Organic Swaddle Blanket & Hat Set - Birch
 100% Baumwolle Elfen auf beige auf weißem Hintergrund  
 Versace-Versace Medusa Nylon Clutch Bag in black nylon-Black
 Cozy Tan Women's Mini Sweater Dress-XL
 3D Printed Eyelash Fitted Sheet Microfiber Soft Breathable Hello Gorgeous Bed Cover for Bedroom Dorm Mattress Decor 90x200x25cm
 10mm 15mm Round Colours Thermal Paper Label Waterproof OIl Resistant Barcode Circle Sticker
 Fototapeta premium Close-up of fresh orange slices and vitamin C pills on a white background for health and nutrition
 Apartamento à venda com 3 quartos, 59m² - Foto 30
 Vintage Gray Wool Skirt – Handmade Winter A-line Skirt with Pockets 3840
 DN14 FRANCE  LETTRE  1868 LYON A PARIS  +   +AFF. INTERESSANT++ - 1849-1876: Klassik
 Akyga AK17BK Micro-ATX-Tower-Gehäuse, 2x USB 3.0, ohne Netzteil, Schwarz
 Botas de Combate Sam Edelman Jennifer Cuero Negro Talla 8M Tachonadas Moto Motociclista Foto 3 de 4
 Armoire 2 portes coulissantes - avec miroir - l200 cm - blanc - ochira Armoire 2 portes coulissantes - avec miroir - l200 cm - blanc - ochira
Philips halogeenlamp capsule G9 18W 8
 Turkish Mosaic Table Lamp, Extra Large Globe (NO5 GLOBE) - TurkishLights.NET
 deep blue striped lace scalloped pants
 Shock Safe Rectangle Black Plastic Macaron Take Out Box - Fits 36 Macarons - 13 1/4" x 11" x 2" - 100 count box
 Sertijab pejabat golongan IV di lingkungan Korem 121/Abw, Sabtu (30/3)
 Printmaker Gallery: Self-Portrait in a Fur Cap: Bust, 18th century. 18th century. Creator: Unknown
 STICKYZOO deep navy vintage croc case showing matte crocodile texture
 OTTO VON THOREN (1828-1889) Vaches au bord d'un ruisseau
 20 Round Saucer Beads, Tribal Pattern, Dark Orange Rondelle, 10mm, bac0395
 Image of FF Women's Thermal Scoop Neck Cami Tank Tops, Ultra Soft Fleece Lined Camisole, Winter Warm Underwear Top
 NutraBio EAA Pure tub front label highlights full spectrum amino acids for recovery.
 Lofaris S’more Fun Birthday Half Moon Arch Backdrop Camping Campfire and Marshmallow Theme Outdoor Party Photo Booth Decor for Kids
--
• _WHAT THE TASK REQUIRES_
The full listing above is to be given again exactly.

• _RESULT FOR THIS EXERCISE_
Organic Swaddle Blanket & Hat Set - Birch
 100% Baumwolle Elfen auf beige auf weißem Hintergrund  
 Versace-Versace Medusa Nylon Clutch Bag in black nylon-Black
 Cozy Tan Women's Mini Sweater Dress-XL
 3D Printed Eyelash Fitted Sheet Microfiber Soft Breathable Hello Gorgeous Bed Cover for Bedroom Dorm Mattress Decor 90x200x25cm
 10mm 15mm Round Colours Thermal Paper Label Waterproof OIl Resistant Barcode Circle Sticker
 Fototapeta premium Close-up of fresh orange slices and vitamin C pills on a white background for health and nutrition
 Apartamento à venda com 3 quartos, 59m² - Foto 30
 Vintage Gray Wool Skirt – Handmade Winter A-line Skirt with Pockets 3840
 DN14 FRANCE  LETTRE  1868 LYON A PARIS  +   +AFF. INTERESSANT++ - 1849-1876: Klassik
 Akyga AK17BK Micro-ATX-Tower-Gehäuse, 2x USB 3.0, ohne Netzteil, Schwarz
 Botas de Combate Sam Edelman Jennifer Cuero Negro Talla 8M Tachonadas Moto Motociclista Foto 3 de 4
 Armoire 2 portes coulissantes - avec miroir - l200 cm - blanc - ochira Armoire 2 portes coulissantes - avec miroir - l200 cm - blanc - ochira
Philips halogeenlamp capsule G9 18W 8
 Turkish Mosaic Table Lamp, Extra Large Globe (NO5 GLOBE) - TurkishLights.NET
 deep blue striped lace scalloped pants
 Shock Safe Rectangle Black Plastic Macaron Take Out Box - Fits 36 Macarons - 13 1/4" x 11" x 2" - 100 count box
 Sertijab pejabat golongan IV di lingkungan Korem 121/Abw, Sabtu (30/3)
 Printmaker Gallery: Self-Portrait in a Fur Cap: Bust, 18th century. 18th century. Creator: Unknown
 STICKYZOO deep navy vintage croc case showing matte crocodile texture
 OTTO VON THOREN (1828-1889) Vaches au bord d'un ruisseau
 20 Round Saucer Beads, Tribal Pattern, Dark Orange Rondelle, 10mm, bac0395
 Image of FF Women's Thermal Scoop Neck Cami Tank Tops, Ultra Soft Fleece Lined Camisole, Winter Warm Underwear Top
 NutraBio EAA Pure tub front label highlights full spectrum amino acids for recovery.
 Lofaris S’more Fun Birthday Half Moon Arch Backdrop Camping Campfire and Marshmallow Theme Outdoor Party Photo Booth Decor for Kids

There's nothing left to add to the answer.